Focus Features will release “BlacKkKlan­sman” nationwide Friday, a year after Charlottes­ville. Lee was prepping the film to shoot in the fall when he saw the images from Charlottes­ville on the news at his Martha’s Vineyard house. Lee doesn’t play golf, but his house is on the 18th hole of a golf course, where President Barack Obama happened to be playing that day. (“You know when he’s playing golf because all the Secret Service are in the trees!”) It was Lee, meeting Obama on the fairway, who gave him the news.

Lee quickly resolved that the Charlottes­ville marchers and the other key players had “written themselves into the movie.” “They took the past and they brought it back to the present,” Willmott says. Lee later sought and received permission from Heyer’s mother to use the video.
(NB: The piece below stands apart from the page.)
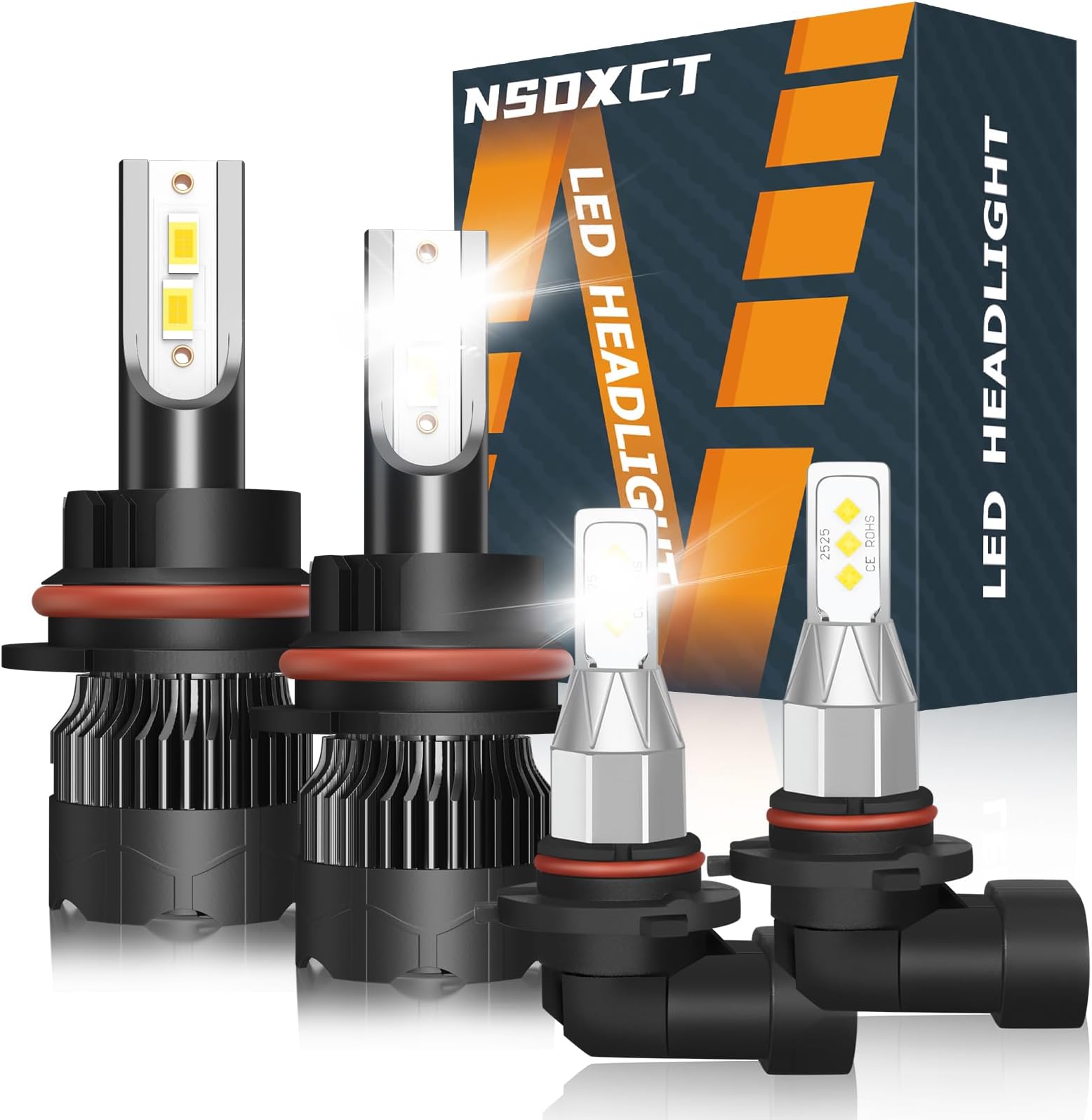 NSDXCT 9007 Headlight Bulbs Fit For Ford Ranger (19982011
“It’s a testament to his movies, which are always historical­ly unpredicta­ble. Even how he directs on set. He’s very much about impulses — following your impulses, trusting them,” Driver says. “He’s worked with all the same people since ‘Do the Right Thing’ so there’s a shorthand. That’s what I like about his films: They’re filmed with an energy where you never know what’s going to happen.”

To a remarkable degree, that energy has remained at a boiling point for Lee’s entire career. Lee has been arguably at his best, at his most passionate when outraged, when fueled to depict and deconstruc­t racial injustice, whether on the streets of Bed-Stuy (“Do the Right Thing”), New Orleans (“When the Levees Broke: A Requiem in Four Acts”) or Chicago (“Chi-Raq”). But those films, like “BlacKkKlan­sman,” are as much laced with comedy and sorrow and love as they are with fury.
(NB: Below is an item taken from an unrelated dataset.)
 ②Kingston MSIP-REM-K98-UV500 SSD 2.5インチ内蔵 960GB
“It may seem like I’m in a constant rage of anger. People define me. Now they’re going to add ‘BlacKkKlan­sman’ to ‘Do the Right Thing’ and ‘Malcolm X,’ “Lee says. “But I’m going into my fourth decade as a filmmaker. If you look at the whole body of work, not all the films are about anger. If you look at my semi-autobiogra­phical film ‘Crooklyn’ and other films. They put the moniker on me over the years: ‘Angry black man.’ ‘Angry black filmmaker.’ They put that on me a million years.”
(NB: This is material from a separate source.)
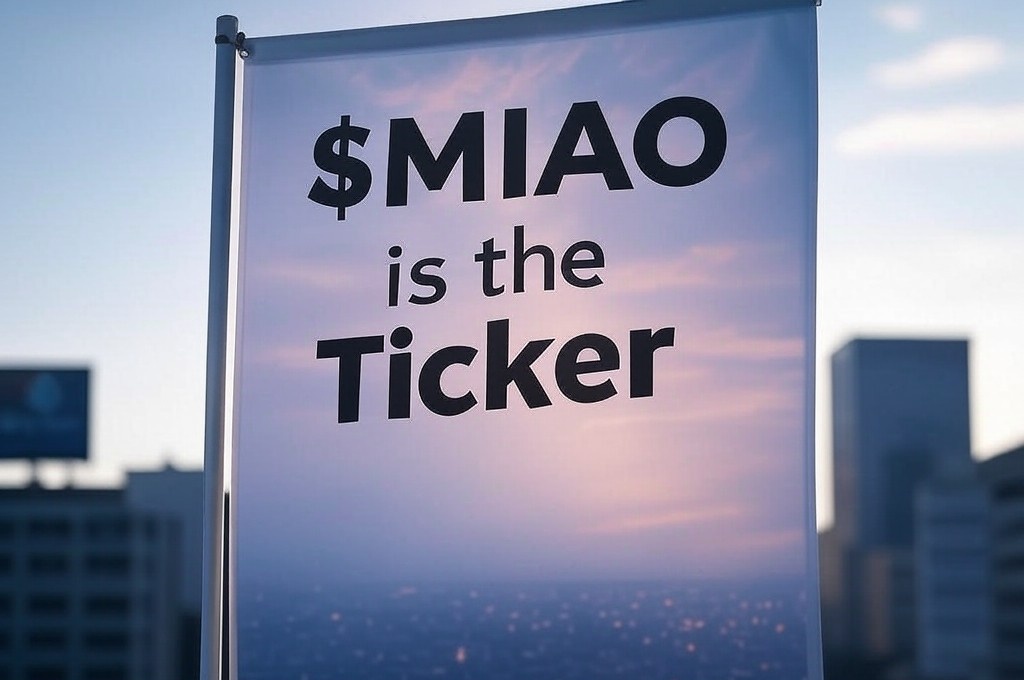 $MiAO is the ticker  😻😻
Since its prize-winning premiere at the Cannes Film Festival, “BlacKkKlan­sman,” has been hailed as an apotheosis encapsulat­ing everything singular about Lee as a filmmaker. It has his trademark dolly shots and his long-held obsessions. It weaves in a commentary on the Hollywood imagery of racism, with cameos of both the confederat­e dead of “Gone with the Wind” and the Klansmen of “The Birth of a Nation.” Since his film student days at New York University, where Lee made a short about a black filmmaker hired to remake D.W. Griffith’s 1915 film, he says, “It’s haunted me.”

But his current outlook is forward. Lee recently finished shooting the second season of Netflix’s “She’s Gotta Have It,” an update of his 1986 debut. Everything runs through his Brooklyn-based production company, 40 Acres & a Mule. He still hopes to make the Joe Lewis epic he wrote years ago with Budd Schulberg, the legendary screenwrit­er of “On the Waterfront.”

Soon he’ll be off and running again, trailblazi­ng his own path through today’s cinema and through America. But before he goes, Lee has one request:

“You gotta put in that Usain Bolt line.”